Rest Stop by 79ers
Stop by for a Rest at 79ers, pet the resident doggie & have some coffee or Limoncello, listen to stories and tell yours too.
Sketches from Siem Reap

Buddha meditating with Naga as the protector - If only I could spend the whole day in the Angkor National Museum, more sketches would have been added to the notebook for reference.
It’s close to midnight and so many things are running through my head. Work starts tomorrow night and then there’s that meeting for another trip to Chiang Mai for work, classes and those darn Spanish conjugations…

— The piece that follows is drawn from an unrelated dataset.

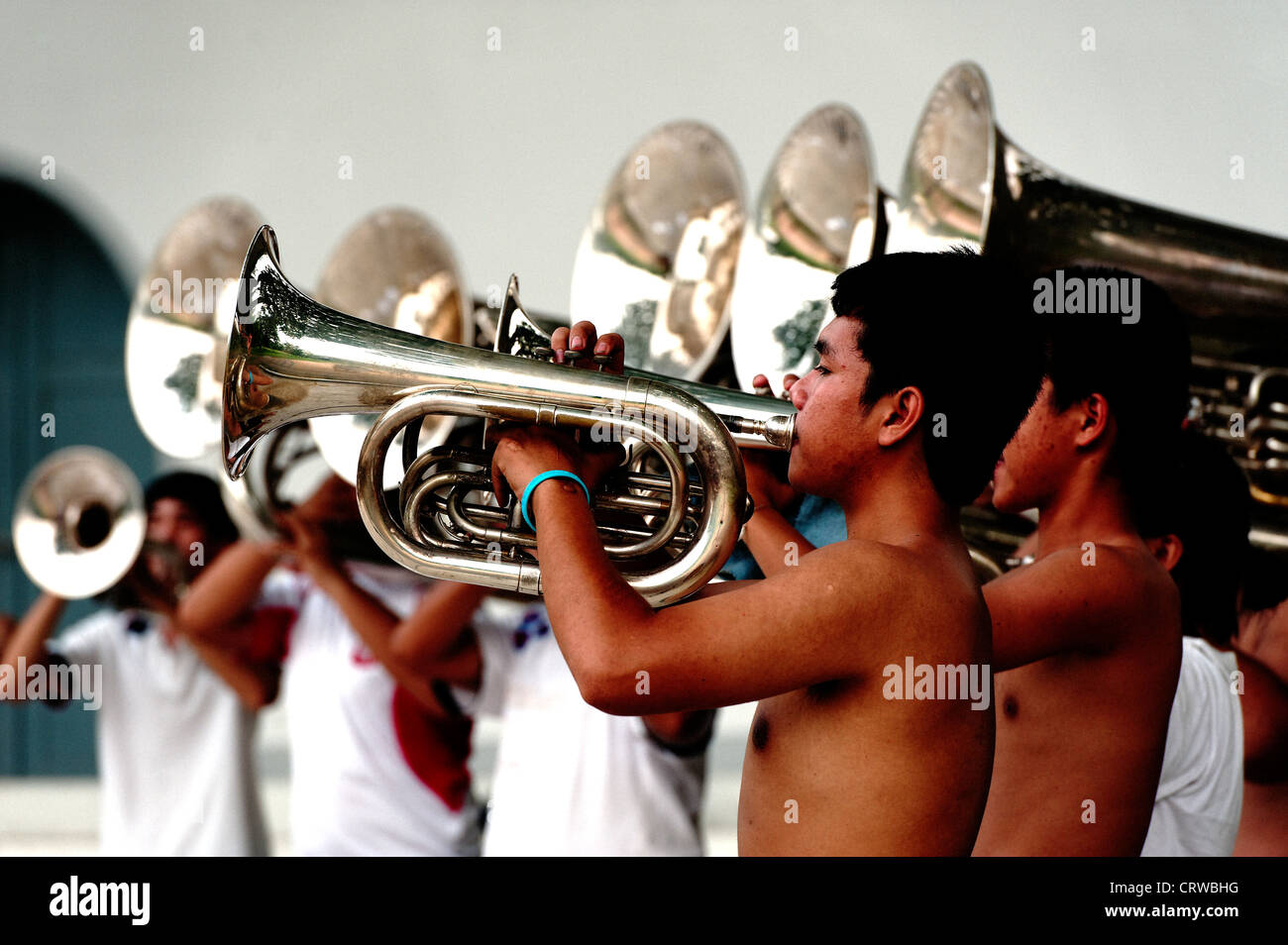 Group of young Thai boys and girls playing in a brass band in Lumpini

What is really bothering me is how much I miss the atmosphere in Siem Reap. TheĀ sights, food and drinks, the air (though dusty but not hazy), the crispy edible insects… but oddest of all, I miss the people the most. Although I was cheated by swindlers in temple sites, harassed by desperate child peddlers, constantly followed around by other tuk-tuk drivers offering me rides, mistaken time and again for being a Cambodian even though I took pains to look like a foreigner… all these and yet I miss it.
It’s been a while since the trip but there are nights when I stay awake wondering why. I suppose that knowing their violent and sad history has something to do with it.

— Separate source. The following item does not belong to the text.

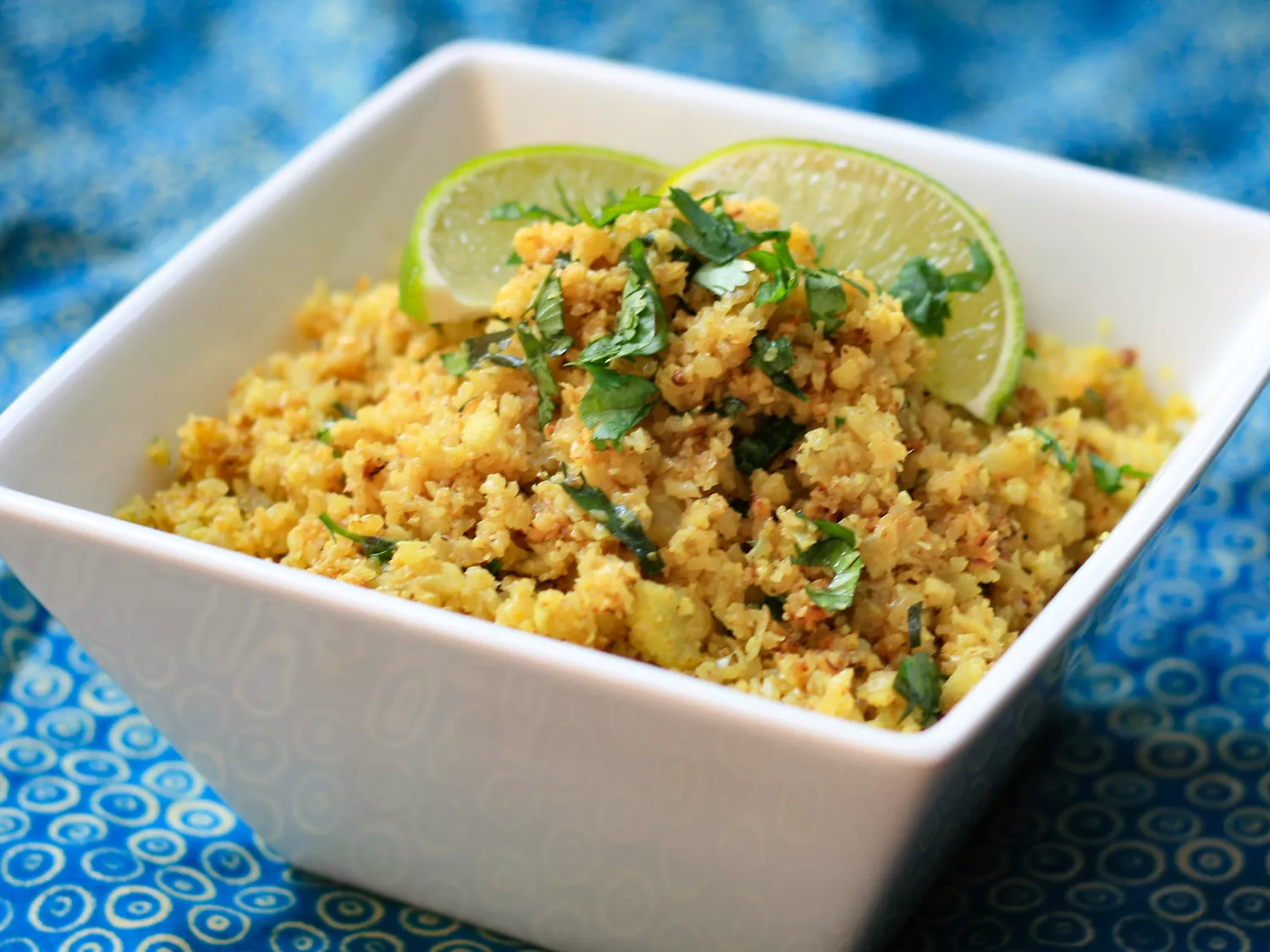 Close up view of cauliflower rice (biryani style) garnished with fresh herbs and lime wedges in a white bowl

By morning, when I wake to go for breakfast, I am cordially greeted by the Front Desk staffs as I walk pass them to get to the cafe. While quietly having my meals, they would quietly approach me, shyly asking for my opinion if the meal is agreeable. The never failing and always punctual Mr. Kea, our tuk-tuk driver for the duration of our journey – who, despite all those long hours and biting hot sun, never lost his smile even once (except when he thought hard about something I would ask him). The children who followed me around, cajoling to begging me to buy whatever they are selling – anything at all starting from one dollar. The many landmine victims I would encounter as I walk around the ancient sites, playing musical instruments, making beautiful & haunting music with whatever limbs they have left just to earn a few dollars to survive. My heart still goes out to them.

Ta Keo, the mountain temple : One of the top most challenging ancient sites to climb up to! Later saw a shirt in the night market stating - "I survived Cambodia" and out of some 4 sites printed on it, Ta Keo was mentioned~! Coincidence? I think not!
Their faces are etched with the many memories of how their earlier generations were taken from them without warning and without mercy. The nation which crumbled in the hands of one man because of an ideal gone wrong and the 2 million who died over of it, leaving behind survivors who are physically and/or emotionally crippled, scarred, helpless, desperate… Children who are growing up not knowing their grandparents and are struggling to survive by selling on the streets, bootleg copies of books, postcards and all sorts of other curios.
I am glad that they have all those marvelous ancient sites left for them to look forward to. How magnificent their past must have been, judging from the many intricate and sometimes impossible stone masonry. Just reading back into the notebook I kept of that trip makes me feel like a part of me is still back there.
This is going to take me some time to figure out on how I want to write it. They should be remembered well because they need it. Their desperation is just something else. I just hope that with whatever meager vocabulary I have, I won’t make their existence seem like a passing remark.